Adrienne's strict religious upbringing had completely lacked any kind of formal sexual education, not even within the school system. Combine that with a fear for pregnancy closer to a phobia, and anyone might probably understand what had prevented her from experimenting much with sexuality before meeting Ethan. In fact, her ingenuousness and worrying had also seriously affected her first relationship, with Harry.
She had met Harry, when she was still in high school; he was an interesting man in his late twenties and called himself a poet. The year was 1969. Harry took her under his wing, was gentle with her and did not demand much. Harry had shoulder-long dark, curly hair, big brown eyes and at various times sported some facial hair as well. He seemed to be respected by his friends, always seeking his advice on many issues.
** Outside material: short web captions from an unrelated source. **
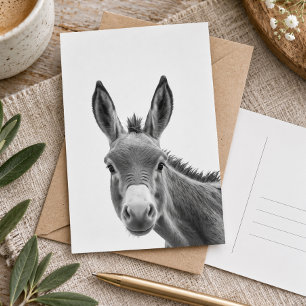 Cartão Postal Burro Safado Fofo Espiando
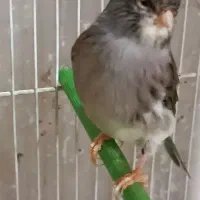 قناری و طوطی کوتوله|پرنده|مشهد, امامیه (شهرک غرب)|دیوار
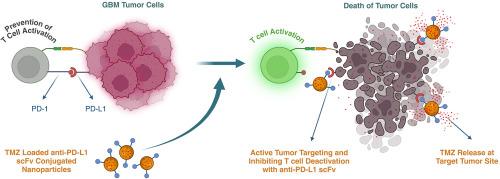 Dual-action nanotherapy: Temozolomide-loaded, anti-PD-L1 scFv-functionalized lipid nanocarriers for targeted glioblastoma therapy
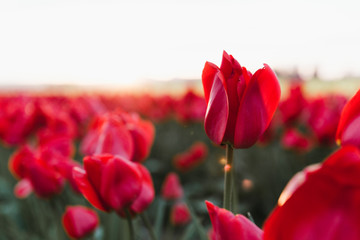 Red Tulips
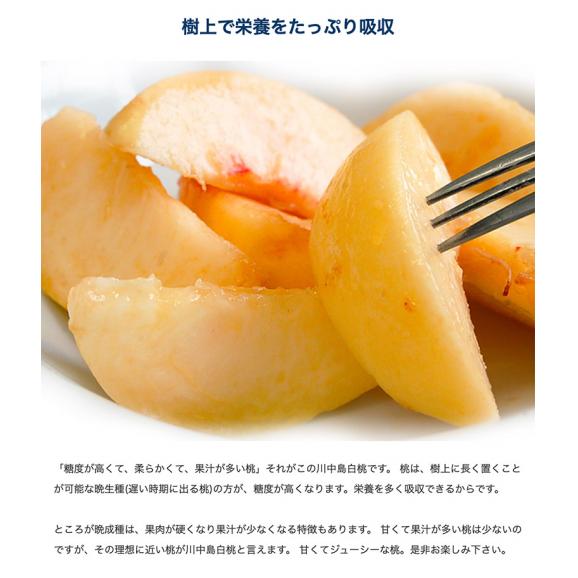 『川中島白桃』 山形産 約5kg（13～20玉） 簡易箱 ※常温 送料無料03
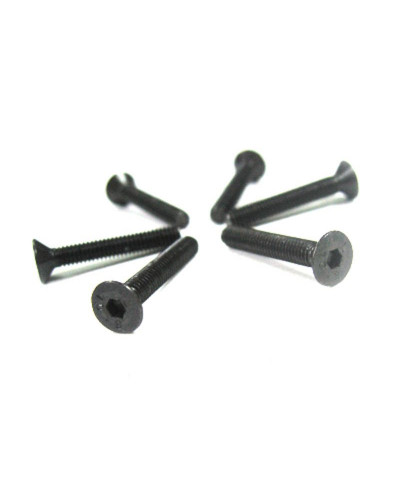 Винт с потайной головкой M4x26 под шестигранник, 6шт.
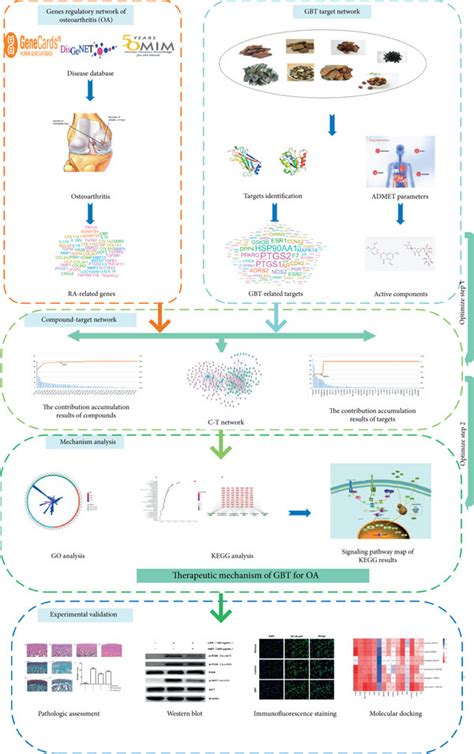 The Flowchart Of The Network Pharmacology And Experimental Validation Download Scientific Diagram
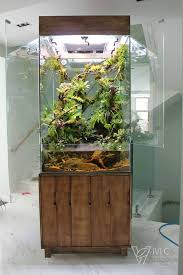 Untitled Reptile Habitat Vivarium Aquascape Design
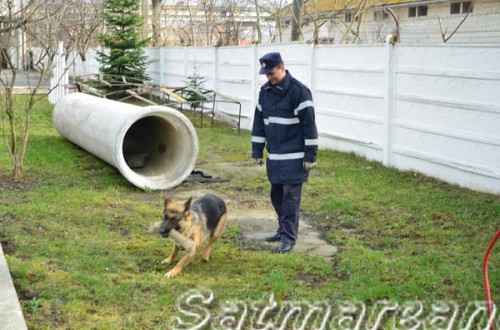 pompieri-satu-mare08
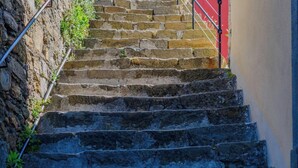 A set of stone steps leading up to a building with a metal handrail.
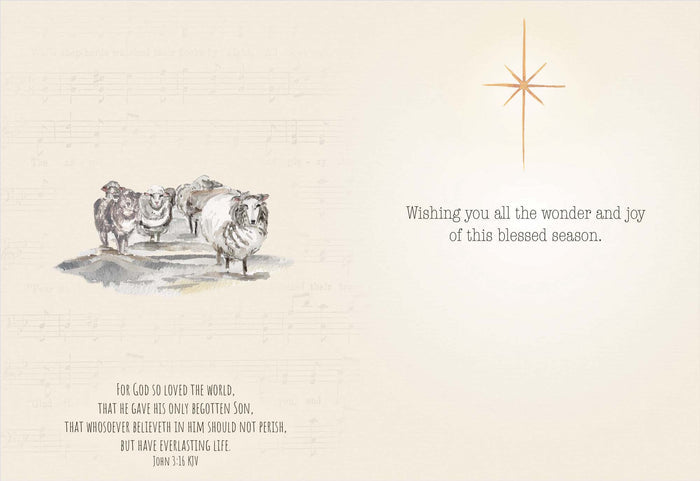 Holy Night Wonders | Religious Christmas Cards by Shared Blessings - 12 Assorted Cards with KJV Scripture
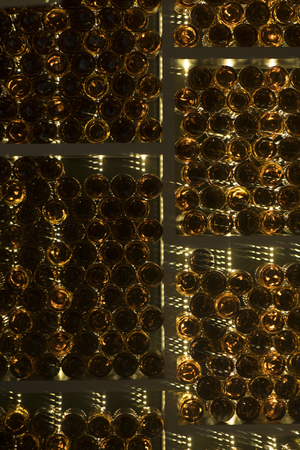 many bottles of wine lie on shelves in a wine cellarの写真素材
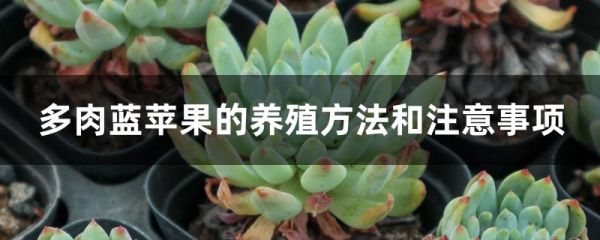 多肉蓝苹果的养殖方法和注意事项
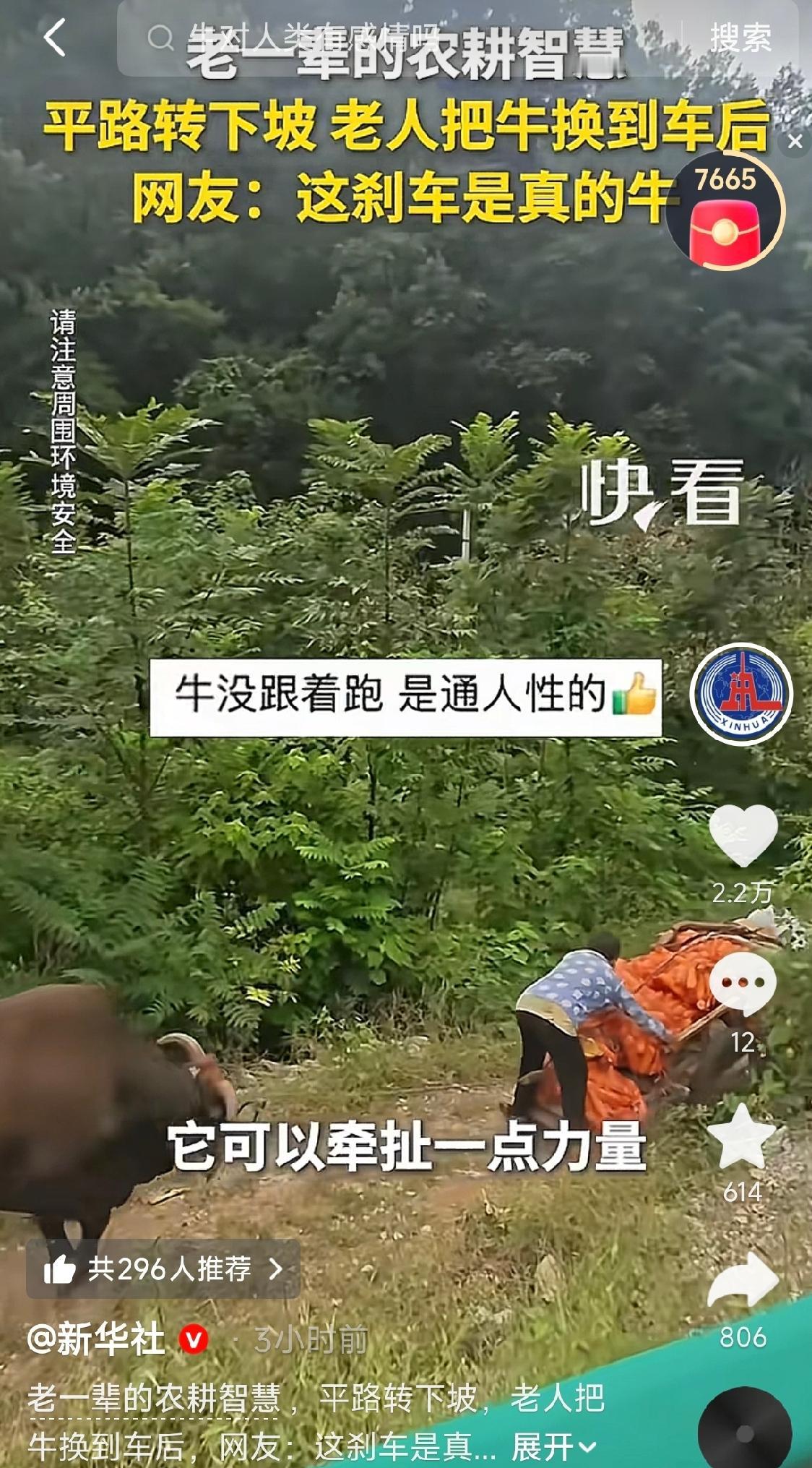 湖北十堰，一女子在路上偶遇一对老夫妻用牛车拉玉米。满满一板车玉米，平路上走得还算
Her parents refused to meet Harry, as they saw him as a danger to their daughter's future; they called him a hippy. Through her choice to date him and later, to start living together, she alienated her parents from her, as they thought this conduct was completely unacceptable.
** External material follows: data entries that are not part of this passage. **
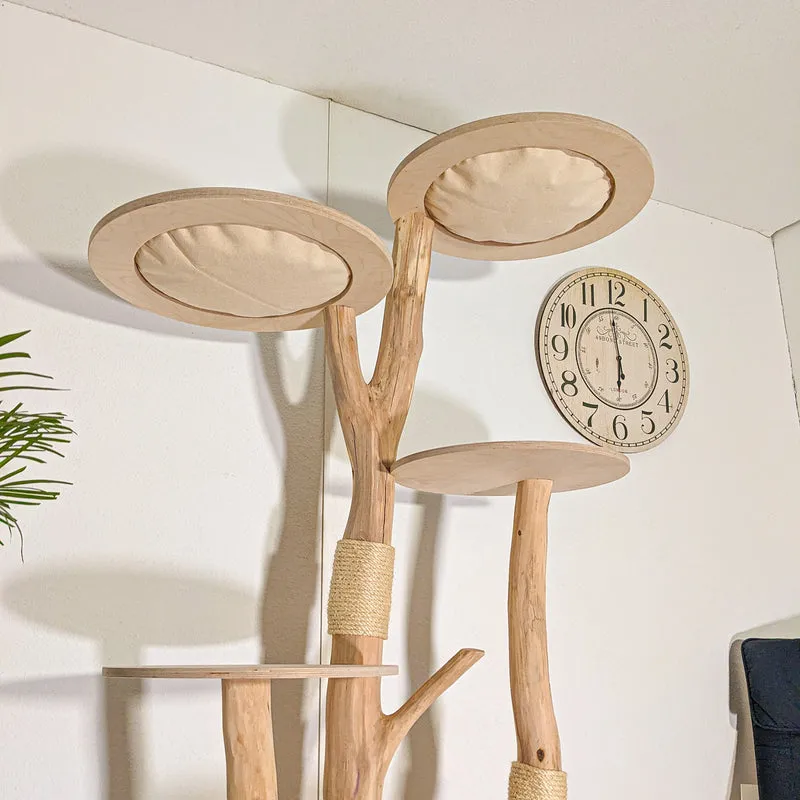 Naturkratzbaum 4524 Kratzbaum Natur Holz Design 195 cm hoch Katzenbaum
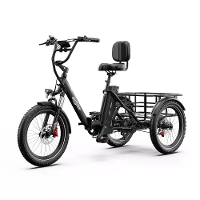 [EU Direct] Onesport OT03 PRO Elektrische Driewieler Vracht APP besturinge 48V 18Ah Batterij 500W Motor Topsnelheid 25KM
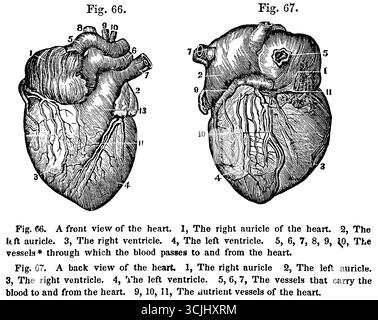 Anatomie des organes circulatoires, vue de face et de dos du coeur, illustration historique 1858 Banque D'Images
Harry also introduced her to the Dutch Association for Sexual Reform, NVSH in Dutch, which provided birth control services to its members. The membership fee was low, subsidized by the general health care plan; it was set low intentionally, so anybody could access birth control without further costs and there would, hopefully, be fewer teen pregnancies in the country. Before the Pill, Adrienne had always stopped her boyfriends from going beyond heavy petting in stolen moments and had never allowed going all the way. Pregnancy was Adrienne's great fear, as it was for any girl at that time. It was the great shame people whispered about in her school and in her church community, leading to the end of any future, for a girl . Although abortion was an option, and legal, it was still difficult to access. Not many young women knew how to get one, afraid to ask their family doctor. Common gossip was: "Have you heard? So and so has to get married." Has meant, she is pregnant . A wedding was mandatory. If she were not married, the shame would be unfathomable.